In less than a day you can register your business, get a business bank account (+ working card!), and send an invoice to your 'employer'. For less than a hundred 'bucks'. Once a year it gets a little more complicated when you have to do your finances, which can trivially be outsourced to an accountant. I know plenty of people (perhaps especially programmers) who do their finances themselves though. For freelancers, and especially programmers, it's (apparently) not that complicated.

Going through this for just one month before you're hired is perhaps still a bit too much of a hassle, but you only really have to do this once and you can then use your freelancer status every time you switch jobs.

I don't know much about the legal aspect of all this though.



It's not just the paperwork; is that you then have to calculate your rates, your holidays, your pension payments and so on.

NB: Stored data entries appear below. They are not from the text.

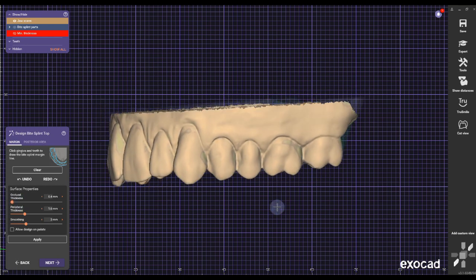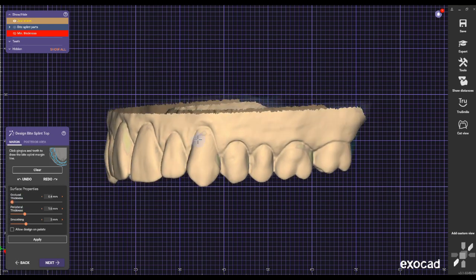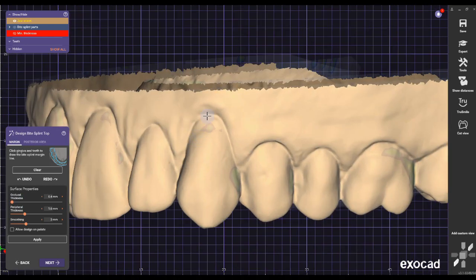What I do is lower my settings. The settings are up to you — you can put it as thin or as thick as you want. I'll show some examples when I'm done with the markings.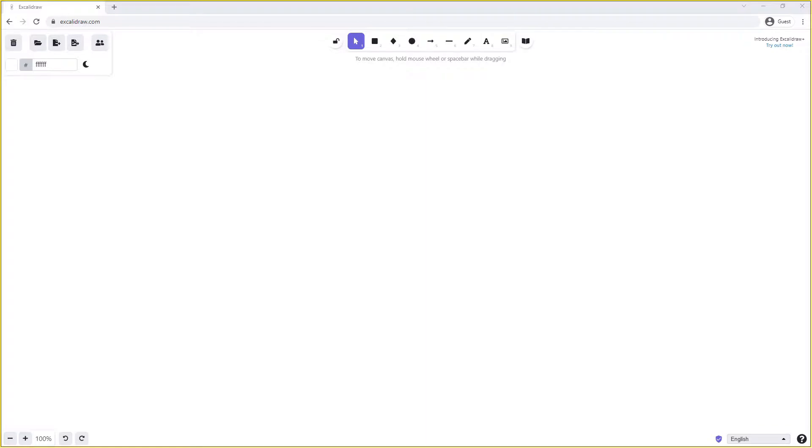The request-reply pattern allows us to send a request into RabbitMQ, specifying a queue that we would like a reply to be sent to. When the consumer consumes this message, it's able to send the reply onto the queue we've specified.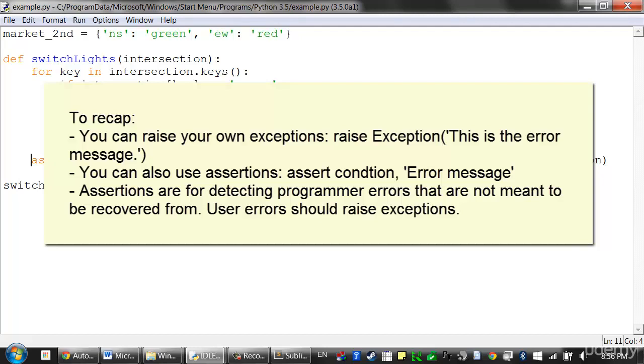Now the exact circumstances of when you should use an assert statement, or when you should use a raise statement to raise an exception, is up for debate. But as long as you're doing something to detect error states in your program, that will really help you by letting you find out about errors sooner rather than later. You can also use assertions with an assert statement. And assertions are for detecting programmer errors that are not meant to be recovered from. That's why we often say assertions are sanity checks. We never expect them to actually be raised. However, user errors should raise exceptions.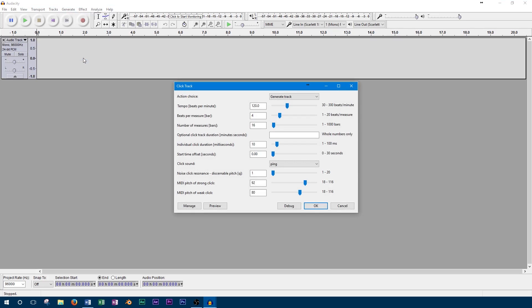So to create a click track, we'll open the generate menu and click click track. This will open the menu to make a click track and then we'll have a number of different options here.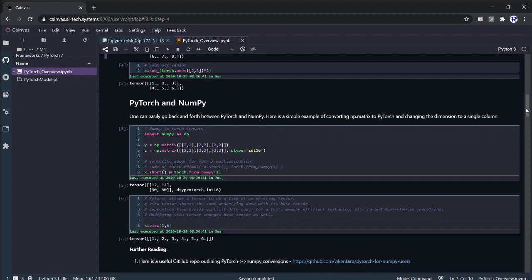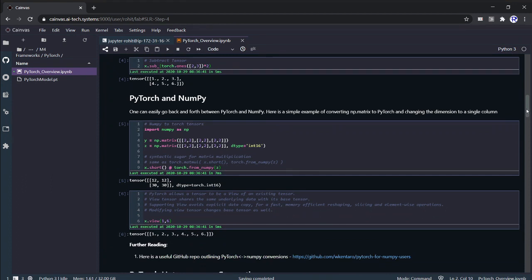The next section is on NumPy. NumPy is very important to data scientists, and modern frameworks have interoperability between NumPy and the framework. Before these frameworks showed up, most data scientists were working in NumPy, so older code was written using it. A good framework should allow easy back and forth between the framework and NumPy, and this is true for PyTorch.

You get a number wrong and you don't go on holiday that year; you get a number wrong, and on the month you have to pay your taxes you don't have cash to feed your kids. And all this before we even get to the issue of finding and maintaining business relationships, without which again your kids go hungry.

In contrast, regular employees don't have to do any of that - they know they will get a paycheck around X every month, will have Y days off work and (if the company is not run by crooks and/or nosedives) when s/he retires she'll have a pension worth Z. It's a completely different mindset, even before you get to the bureaucratic side of things.


> your pension payments and so on

It's no big deal. An accountant easily handles all that, and accountants are plentiful in the Netherlands.